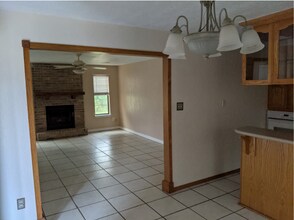 2435 Ravina St in San Antonio, TX - Building Photo - Building Photo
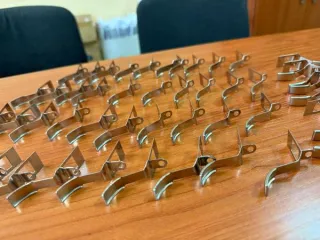 Годные остатки изделий: крышка-заглушка для фары автомобиля из резины черного цвета 80 штук, патрон для лампочки 41 штука, заглушки из резины черного цвета 122 штуки, элемент крепления из пластмассы белого цвета 40 штук, патрон для лампочки из пластмассы серого цвета 40 штук, элемент крепления из…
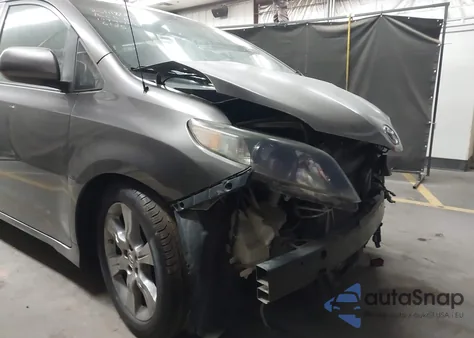 2012 Toyota Sienna Se 8 Passenger из США, поврежденный, VIN 5TDXK3DCXCS236185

________________

§ **Task statement**
Only the lines from the one containing "Годные остатки изделий: крышка-заглушка" through the final line of the listing should be reproduced, exactly and with no pictures.

§ **Response**
 Годные остатки изделий: крышка-заглушка для фары автомобиля из резины черного цвета 80 штук, патрон для лампочки 41 штука, заглушки из резины черного цвета 122 штуки, элемент крепления из пластмассы белого цвета 40 штук, патрон для лампочки из пластмассы серого цвета 40 штук, элемент крепления из…
 2012 Toyota Sienna Se 8 Passenger из США, поврежденный, VIN 5TDXK3DCXCS236185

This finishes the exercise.